手織のエピソードやちょっとした疑問の答えが見つかることもあり、気に入っています。
この本でも組織の勉強は、平織から始まり、綾織では組織図、綾の種類や変化についてです。
困ったことに、1/3、2/2、3/1の綾を織比べるという課題があります。
普通にタイアップを考えると、ペダルが12本必要なことに気づきました。
ジャックルームならシングルタイアップができるので、ペダルを踏みかえて織比べ、組織と綜絖の関係を理解しましょういうことなのでしょう。
カウンターバランス(ろくろではない)織機で、同時にペダルを複数本踏むなんて考えたこともありませんでした。試してみましたが開口は安定しないし、ベンチから滑り落ちそうになる・・・・・・。
シングルタイアップ。
1950年?70年代? 海外では、Jack-type(ジャッキ式織機)のことを別名Single tie-up(シングルタイアップ)と呼んでいたようです。
普通の織機のようにペダル1本に複数枚の綜絖をタイアップでき、ペダル1本に綜絖1枚を結んでも1枚づつ独立して動き、開口もきちんと揃う---シングルタイアップ。古い記憶で確かではありませんが。
初めて織機に向かった頃は、ろくろ式以外はめずらしく、このシステムの織機も噂に聞くだけで・・・あこがれ・・・でした。「シングルタイアップ」という言葉は、たぶんジャッキ式織機と一緒に輸入(?)され、使われていたように思うのですが・・・・・???
この本が出版された1990年代にはどちらも古い言葉となったようで、その織機は進化してジャックルーム(jack loom)と呼ばれ、「1本に1枚づつ」はダイレクトタイアップ(direct tie-up)。
なお、一般的に行われる「ペダル1本に複数枚の綜絖」をタイアップすることは、マルチタイアップ(multiple tie-up)という言葉が使われています。
さて、ダイレクトタイアップでこの課題をすると、
1/3の綾は・・・・・ペダルの順番は1、2、3、4。綜絖を1枚づつ順番に上げて緯糸を入れ織る。

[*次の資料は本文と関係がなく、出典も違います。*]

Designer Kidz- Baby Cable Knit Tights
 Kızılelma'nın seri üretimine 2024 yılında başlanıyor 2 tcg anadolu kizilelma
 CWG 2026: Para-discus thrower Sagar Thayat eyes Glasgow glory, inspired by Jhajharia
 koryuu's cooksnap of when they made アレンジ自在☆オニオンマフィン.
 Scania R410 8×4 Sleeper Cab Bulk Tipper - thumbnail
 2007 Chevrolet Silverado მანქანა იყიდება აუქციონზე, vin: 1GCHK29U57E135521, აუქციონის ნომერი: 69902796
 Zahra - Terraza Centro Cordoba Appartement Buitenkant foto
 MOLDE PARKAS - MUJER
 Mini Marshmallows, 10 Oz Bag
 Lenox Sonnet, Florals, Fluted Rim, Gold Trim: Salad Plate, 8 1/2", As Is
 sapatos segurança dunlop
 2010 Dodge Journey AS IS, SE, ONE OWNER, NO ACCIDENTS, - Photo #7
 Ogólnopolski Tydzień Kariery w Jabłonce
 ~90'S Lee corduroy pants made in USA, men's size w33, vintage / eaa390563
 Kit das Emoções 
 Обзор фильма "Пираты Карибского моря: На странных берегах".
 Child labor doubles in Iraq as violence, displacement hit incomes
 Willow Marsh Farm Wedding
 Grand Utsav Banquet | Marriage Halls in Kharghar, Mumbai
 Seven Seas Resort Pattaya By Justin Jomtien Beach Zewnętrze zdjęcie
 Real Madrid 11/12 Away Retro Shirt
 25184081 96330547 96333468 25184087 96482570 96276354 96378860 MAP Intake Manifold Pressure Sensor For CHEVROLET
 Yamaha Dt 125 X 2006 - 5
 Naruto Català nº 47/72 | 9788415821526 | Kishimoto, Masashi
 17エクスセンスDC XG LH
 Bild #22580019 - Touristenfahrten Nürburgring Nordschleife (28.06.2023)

2/2の綾は・・・・・ペダルを12、23、34,41と同時に2本づつ踏み、織る。
3/1の綾は・・・・・123,234,341,123と同時に3本づつ踏み、織る。
ペダルを同時に踏めると、4枚6本の場合、組合わせは何通りになるのでしょう?
いろいろな組織をランダムに入れておしゃれなマフラーが!作れるではありませんか。
趣味の世界から生まれた織機と実用と効率を求められた織機の違いなのでしょう。
我が家の織機では、タイアップを変更せずに織ろうとするとペダルは2本足りません。
「基本のツイル」はあきらめ、「その他のツイル」を織ることにします。